- [Data for the task]:
-- Opening Marker --

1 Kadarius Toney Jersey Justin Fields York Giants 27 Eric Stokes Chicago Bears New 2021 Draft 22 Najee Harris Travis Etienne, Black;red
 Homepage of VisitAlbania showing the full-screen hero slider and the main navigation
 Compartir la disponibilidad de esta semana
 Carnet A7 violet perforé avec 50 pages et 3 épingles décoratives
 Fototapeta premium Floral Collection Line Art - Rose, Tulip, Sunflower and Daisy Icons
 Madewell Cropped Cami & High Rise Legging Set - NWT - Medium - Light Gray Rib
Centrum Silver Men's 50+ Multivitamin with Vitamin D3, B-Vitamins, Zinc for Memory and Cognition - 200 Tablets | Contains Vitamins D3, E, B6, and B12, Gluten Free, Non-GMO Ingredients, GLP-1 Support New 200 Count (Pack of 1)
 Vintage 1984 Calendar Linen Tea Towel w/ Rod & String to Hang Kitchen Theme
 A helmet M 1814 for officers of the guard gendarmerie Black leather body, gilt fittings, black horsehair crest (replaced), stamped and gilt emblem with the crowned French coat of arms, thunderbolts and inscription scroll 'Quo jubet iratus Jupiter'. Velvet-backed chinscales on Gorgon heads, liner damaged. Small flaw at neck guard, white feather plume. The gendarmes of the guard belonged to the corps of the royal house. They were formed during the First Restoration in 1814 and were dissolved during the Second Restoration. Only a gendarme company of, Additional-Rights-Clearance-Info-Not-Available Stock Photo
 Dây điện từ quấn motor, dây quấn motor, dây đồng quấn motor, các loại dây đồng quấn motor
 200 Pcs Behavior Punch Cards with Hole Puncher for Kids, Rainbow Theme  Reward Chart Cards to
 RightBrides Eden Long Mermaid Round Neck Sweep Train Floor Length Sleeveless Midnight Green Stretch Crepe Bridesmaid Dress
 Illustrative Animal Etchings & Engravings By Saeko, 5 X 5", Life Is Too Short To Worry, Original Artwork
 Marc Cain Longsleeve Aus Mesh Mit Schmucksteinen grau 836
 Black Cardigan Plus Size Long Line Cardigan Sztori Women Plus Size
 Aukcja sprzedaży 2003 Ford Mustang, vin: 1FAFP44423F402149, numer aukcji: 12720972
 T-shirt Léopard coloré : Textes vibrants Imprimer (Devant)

-- Closing Marker --

- [What is required]:
The full listing above should be repeated without omission.

- [Task output]:
1 Kadarius Toney Jersey Justin Fields York Giants 27 Eric Stokes Chicago Bears New 2021 Draft 22 Najee Harris Travis Etienne, Black;red
 Homepage of VisitAlbania showing the full-screen hero slider and the main navigation
 Compartir la disponibilidad de esta semana
 Carnet A7 violet perforé avec 50 pages et 3 épingles décoratives
 Fototapeta premium Floral Collection Line Art - Rose, Tulip, Sunflower and Daisy Icons
 Madewell Cropped Cami & High Rise Legging Set - NWT - Medium - Light Gray Rib
Centrum Silver Men's 50+ Multivitamin with Vitamin D3, B-Vitamins, Zinc for Memory and Cognition - 200 Tablets | Contains Vitamins D3, E, B6, and B12, Gluten Free, Non-GMO Ingredients, GLP-1 Support New 200 Count (Pack of 1)
 Vintage 1984 Calendar Linen Tea Towel w/ Rod & String to Hang Kitchen Theme
 A helmet M 1814 for officers of the guard gendarmerie Black leather body, gilt fittings, black horsehair crest (replaced), stamped and gilt emblem with the crowned French coat of arms, thunderbolts and inscription scroll 'Quo jubet iratus Jupiter'. Velvet-backed chinscales on Gorgon heads, liner damaged. Small flaw at neck guard, white feather plume. The gendarmes of the guard belonged to the corps of the royal house. They were formed during the First Restoration in 1814 and were dissolved during the Second Restoration. Only a gendarme company of, Additional-Rights-Clearance-Info-Not-Available Stock Photo
 Dây điện từ quấn motor, dây quấn motor, dây đồng quấn motor, các loại dây đồng quấn motor
 200 Pcs Behavior Punch Cards with Hole Puncher for Kids, Rainbow Theme  Reward Chart Cards to
 RightBrides Eden Long Mermaid Round Neck Sweep Train Floor Length Sleeveless Midnight Green Stretch Crepe Bridesmaid Dress
 Illustrative Animal Etchings & Engravings By Saeko, 5 X 5", Life Is Too Short To Worry, Original Artwork
 Marc Cain Longsleeve Aus Mesh Mit Schmucksteinen grau 836
 Black Cardigan Plus Size Long Line Cardigan Sztori Women Plus Size
 Aukcja sprzedaży 2003 Ford Mustang, vin: 1FAFP44423F402149, numer aukcji: 12720972
 T-shirt Léopard coloré : Textes vibrants Imprimer (Devant)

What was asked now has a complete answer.